WHITE OF THE EYE
Someone is killing women around an Arizona desert town. The lead investigator has his eyes on Paul, a stereo equipment salesman. The only link between Paul and the murders is the tire impressions left at the scene of the latest murder, impressions left by a very rare make of tire. Paul's wife, Joan, doesn't believe her husband is guilty but is too preoccupied with their slowly crumbling marriage and young daughter to give much thought to anything. As the body count rises and Joan begins to think her husband is cheating on her with a wealthy woman, the twin storylines of the film collide.
Ostensibly a serial killer movie, WHITE OF THE EYE emerges as something far more complex (and unusual) than a simple murder mystery. The key to the films complexity lies in its presentation. Director Donald Cammell began his career with PERFORMANCE, a film he co-directed with the great Nicolas Roeg. If there were any better match of co-directors, I would be surprised. In a way, Roeg's films feel intrinsically tied to Cammell's films and vice versa. Both men direct in a bizarrely effective and wonderfully abstract way. If WHITE OF THE EYE has a match in Roeg's catalog of films, it would be BAD TIMING, a film which features a startling mix of representations, narrative threads and schizophrenic editing, creating a film which seems to be about everything but its subject matter. Both BAD TIMING and WHITE OF THE EYE work precisely because of the risks their directors take with the material. While those risks sometimes feel like they may derail the film at any second, they ultimately end up enriching the material. Had WHITE OF THE EYE been directed in a workmanlike manner, it probably would have collapsed under the weight of its own digressions.
If you're looking for a standard serial killer film, WHITE OF THE EYE will most definitely disappoint. Precious little running time is spent on that side of the material. Murder set pieces are extremely rare but when they are presented, Cammell turns in some very Argento-esque moments. Extreme close-ups of eyeballs, constantly shifting points of view and strange juxtaposition of decoration/suffering, positively reek of Argento's influence. The actual violence however is never lingered on and rarely depicted. For example, in the opening murder sequence, we never once see a knife entering a body. In place of that bodily violence, Cammell gives us shots of red sauce being spilled onto a kitchen counter, glass breaking and wine spilling. The only time we see the effects of the violence is in the chilling murder of a woman in her bathtub, the killer slowly drowning her while holding up a mirror for her to see her own shocked expression (shades of Michael Powell's PEEPING TOM). Standard serial killer film, this is not. But that is not the story Cammell is interested in telling anyway. His real interest is in the collapsing marriage of Paul and Joan.

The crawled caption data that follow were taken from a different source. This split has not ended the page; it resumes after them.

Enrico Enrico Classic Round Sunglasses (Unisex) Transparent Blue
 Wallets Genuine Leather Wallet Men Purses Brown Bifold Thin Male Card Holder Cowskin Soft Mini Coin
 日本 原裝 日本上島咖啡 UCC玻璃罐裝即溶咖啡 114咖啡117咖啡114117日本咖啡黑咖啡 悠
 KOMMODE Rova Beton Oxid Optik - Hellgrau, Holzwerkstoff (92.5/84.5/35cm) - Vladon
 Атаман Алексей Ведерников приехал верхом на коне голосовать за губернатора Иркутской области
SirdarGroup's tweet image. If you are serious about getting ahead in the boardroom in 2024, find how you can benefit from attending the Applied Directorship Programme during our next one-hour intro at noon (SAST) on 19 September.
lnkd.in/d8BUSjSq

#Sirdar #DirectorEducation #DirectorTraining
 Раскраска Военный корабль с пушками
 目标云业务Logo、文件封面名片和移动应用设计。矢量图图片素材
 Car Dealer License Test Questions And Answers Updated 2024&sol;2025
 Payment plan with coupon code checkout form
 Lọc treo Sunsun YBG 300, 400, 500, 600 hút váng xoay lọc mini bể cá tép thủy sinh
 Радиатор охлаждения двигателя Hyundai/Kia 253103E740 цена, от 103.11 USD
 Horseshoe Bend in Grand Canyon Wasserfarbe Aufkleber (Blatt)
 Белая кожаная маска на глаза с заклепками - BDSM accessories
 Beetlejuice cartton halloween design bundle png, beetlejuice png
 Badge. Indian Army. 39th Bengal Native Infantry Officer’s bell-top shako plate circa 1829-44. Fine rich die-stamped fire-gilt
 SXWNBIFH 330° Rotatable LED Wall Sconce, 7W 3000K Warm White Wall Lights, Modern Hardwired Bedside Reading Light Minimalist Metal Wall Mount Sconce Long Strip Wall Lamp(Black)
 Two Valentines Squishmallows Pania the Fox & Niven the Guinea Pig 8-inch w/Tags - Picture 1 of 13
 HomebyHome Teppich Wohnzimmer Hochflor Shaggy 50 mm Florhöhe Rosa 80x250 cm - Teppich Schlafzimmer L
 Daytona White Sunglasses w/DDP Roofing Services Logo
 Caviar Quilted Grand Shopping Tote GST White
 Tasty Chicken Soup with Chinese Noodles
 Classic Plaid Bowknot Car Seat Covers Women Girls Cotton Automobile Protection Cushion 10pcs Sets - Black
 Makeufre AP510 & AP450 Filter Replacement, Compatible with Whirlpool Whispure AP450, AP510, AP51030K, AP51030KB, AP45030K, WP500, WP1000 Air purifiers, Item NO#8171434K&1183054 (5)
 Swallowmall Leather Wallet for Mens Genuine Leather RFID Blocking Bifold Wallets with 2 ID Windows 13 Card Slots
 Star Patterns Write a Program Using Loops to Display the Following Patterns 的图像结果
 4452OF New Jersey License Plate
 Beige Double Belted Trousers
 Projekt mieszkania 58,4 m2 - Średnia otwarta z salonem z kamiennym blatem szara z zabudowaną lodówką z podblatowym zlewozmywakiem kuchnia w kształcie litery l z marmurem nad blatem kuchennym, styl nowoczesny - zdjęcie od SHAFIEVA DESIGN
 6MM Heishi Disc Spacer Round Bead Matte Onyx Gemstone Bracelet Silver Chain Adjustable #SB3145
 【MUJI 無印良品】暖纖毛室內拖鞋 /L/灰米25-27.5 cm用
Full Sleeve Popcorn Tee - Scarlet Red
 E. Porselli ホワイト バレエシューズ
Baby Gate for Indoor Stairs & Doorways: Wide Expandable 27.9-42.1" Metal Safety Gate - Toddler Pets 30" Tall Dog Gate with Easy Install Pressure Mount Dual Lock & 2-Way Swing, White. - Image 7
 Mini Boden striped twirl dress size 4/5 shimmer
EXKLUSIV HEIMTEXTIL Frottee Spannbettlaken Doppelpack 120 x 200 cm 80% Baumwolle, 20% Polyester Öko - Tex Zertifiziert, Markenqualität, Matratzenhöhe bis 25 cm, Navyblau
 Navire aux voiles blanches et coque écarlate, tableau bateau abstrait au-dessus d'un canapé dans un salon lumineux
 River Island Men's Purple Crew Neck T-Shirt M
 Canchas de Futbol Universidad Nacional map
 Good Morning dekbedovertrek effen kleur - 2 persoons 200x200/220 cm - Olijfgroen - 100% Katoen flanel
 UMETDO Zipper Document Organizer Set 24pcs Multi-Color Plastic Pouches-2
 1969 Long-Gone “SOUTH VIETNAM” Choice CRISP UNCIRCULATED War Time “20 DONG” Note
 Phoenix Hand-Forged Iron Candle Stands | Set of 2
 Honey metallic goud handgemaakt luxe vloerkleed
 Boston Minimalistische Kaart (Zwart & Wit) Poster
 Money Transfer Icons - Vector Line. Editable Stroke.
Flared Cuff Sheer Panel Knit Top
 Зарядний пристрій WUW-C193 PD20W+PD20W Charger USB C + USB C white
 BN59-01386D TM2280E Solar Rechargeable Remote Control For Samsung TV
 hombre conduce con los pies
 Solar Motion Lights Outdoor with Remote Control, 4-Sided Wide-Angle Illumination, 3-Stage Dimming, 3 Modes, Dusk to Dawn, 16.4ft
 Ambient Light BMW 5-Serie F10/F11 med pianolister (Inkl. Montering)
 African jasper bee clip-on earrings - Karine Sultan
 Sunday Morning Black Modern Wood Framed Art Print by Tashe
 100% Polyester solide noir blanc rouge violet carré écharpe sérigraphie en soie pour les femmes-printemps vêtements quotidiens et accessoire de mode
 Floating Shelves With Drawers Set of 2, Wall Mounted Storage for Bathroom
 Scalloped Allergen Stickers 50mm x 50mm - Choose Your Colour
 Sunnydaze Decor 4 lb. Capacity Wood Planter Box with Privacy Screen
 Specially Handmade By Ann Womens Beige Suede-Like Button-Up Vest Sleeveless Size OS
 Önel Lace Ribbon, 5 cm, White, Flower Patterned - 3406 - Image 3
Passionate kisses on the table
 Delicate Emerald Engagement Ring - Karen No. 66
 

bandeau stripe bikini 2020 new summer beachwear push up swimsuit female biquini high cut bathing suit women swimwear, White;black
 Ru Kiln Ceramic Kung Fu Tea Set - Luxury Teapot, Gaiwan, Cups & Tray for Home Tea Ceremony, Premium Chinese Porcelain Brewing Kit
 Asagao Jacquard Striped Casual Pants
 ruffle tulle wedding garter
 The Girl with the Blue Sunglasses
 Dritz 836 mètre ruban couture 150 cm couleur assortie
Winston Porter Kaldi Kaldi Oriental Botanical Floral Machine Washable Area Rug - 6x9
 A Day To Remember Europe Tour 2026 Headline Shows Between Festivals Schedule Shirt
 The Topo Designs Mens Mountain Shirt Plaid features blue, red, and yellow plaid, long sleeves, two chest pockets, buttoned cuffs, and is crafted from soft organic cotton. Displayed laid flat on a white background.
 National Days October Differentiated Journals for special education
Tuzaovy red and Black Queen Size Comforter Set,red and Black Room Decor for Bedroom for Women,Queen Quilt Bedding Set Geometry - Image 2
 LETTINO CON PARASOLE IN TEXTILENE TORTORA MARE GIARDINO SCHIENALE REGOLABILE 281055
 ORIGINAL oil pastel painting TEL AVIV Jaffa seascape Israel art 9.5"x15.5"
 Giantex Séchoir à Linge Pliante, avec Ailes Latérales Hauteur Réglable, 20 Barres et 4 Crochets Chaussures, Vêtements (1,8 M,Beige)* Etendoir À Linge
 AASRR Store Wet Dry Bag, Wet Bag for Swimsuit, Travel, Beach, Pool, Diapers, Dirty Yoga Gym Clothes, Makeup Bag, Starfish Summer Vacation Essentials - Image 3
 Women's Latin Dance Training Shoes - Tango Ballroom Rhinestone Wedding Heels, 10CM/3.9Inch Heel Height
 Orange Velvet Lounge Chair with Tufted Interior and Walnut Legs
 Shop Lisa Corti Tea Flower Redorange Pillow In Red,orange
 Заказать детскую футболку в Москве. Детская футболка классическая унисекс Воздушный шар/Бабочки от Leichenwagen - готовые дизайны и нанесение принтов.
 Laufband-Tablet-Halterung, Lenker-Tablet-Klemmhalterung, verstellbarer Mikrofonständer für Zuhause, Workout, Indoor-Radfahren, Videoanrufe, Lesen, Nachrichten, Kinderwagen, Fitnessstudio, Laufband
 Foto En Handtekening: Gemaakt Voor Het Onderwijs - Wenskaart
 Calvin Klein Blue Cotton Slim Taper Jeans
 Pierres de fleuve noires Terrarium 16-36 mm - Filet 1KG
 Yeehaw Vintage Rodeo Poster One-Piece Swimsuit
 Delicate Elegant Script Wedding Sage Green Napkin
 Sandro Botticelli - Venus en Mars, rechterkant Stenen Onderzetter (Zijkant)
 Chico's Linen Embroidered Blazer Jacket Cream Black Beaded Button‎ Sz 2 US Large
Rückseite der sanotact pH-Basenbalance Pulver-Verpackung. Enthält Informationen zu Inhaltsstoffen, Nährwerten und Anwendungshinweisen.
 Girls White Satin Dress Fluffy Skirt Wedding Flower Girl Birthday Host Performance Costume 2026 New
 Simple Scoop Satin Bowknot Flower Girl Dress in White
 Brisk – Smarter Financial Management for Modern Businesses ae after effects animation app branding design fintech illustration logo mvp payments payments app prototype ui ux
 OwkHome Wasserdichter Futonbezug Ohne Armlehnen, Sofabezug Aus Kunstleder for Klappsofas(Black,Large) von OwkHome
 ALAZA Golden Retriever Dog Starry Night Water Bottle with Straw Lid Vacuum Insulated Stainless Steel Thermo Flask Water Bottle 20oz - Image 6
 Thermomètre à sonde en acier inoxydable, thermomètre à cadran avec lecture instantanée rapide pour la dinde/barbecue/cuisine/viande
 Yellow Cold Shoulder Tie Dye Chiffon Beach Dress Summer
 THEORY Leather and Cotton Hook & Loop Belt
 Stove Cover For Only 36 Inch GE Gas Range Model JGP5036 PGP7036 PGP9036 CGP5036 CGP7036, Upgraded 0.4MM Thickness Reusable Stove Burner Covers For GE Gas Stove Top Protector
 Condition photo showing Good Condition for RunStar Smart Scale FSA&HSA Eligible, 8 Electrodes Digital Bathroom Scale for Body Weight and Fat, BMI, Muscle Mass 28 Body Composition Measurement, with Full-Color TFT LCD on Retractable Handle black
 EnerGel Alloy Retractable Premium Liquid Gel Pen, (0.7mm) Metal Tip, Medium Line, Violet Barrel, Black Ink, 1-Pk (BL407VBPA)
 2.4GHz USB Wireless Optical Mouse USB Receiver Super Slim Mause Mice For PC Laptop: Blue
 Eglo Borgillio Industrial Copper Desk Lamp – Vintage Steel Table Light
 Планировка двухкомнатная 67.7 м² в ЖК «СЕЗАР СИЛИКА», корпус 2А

The final third is the films chief claim to fame. It probably isn't going to spoil much to say that Paul is the killer. The reveal is handled strangely. The killings we have witnessed are basically equated with acts of marital infidelity with Paul basically giving the old cheater's speech of "they didn't mean anything to me". Joan is safe because he loves her. Her betrayal of confidence, calling someone to come and pick up their daughter out of fear that Paul may hurt her, is what finally brings Paul's vengeance down upon her. This kind of behavior is seen often in broken relationships like this, one party is supposed to be forgiven for their major transgressions but any slight transgression against them is taken as a major slight. The following mayhem fits well within the already bizarre film but stretches credibility to its breaking point, requiring one deus ex machine too many. The climax of the film is however a grand spectacle of weirdness and easily earns WHITE OF THE EYE cult status all by itself.
There is much more to say about this film (the supernatural angles, for example, or the way it incorporates random bits of Native American mythology makes it feel every bit as eclectic and deep as Richard Stanley's DUST DEVIL) and honestly I could spend days trying to perfectly sum up my thoughts on the film. All I have written here is what came to mind as I sat down to think about it. Each viewing reveals a different angle and a new thread of story to pontificate on. Without being too hyperbolic, WHITE OF THE EYE is very much like a finely cut jewel. A simple shift in viewing perspective reveals new depth. That this film has been relegated to a little seen cult item here in the US bothers me a great deal. This is a film that deserves to be seen and discussed. It contains one of the most jarring directorial scheme I've ever seen, great performances by a dedicated cast, a wonderful musical score by Rick Fenn and Pink Floyd's Nick Mason, and a screenplay which consistently surprises. This is a truly great film and one that deserves to be seen by as wide an audience as possible.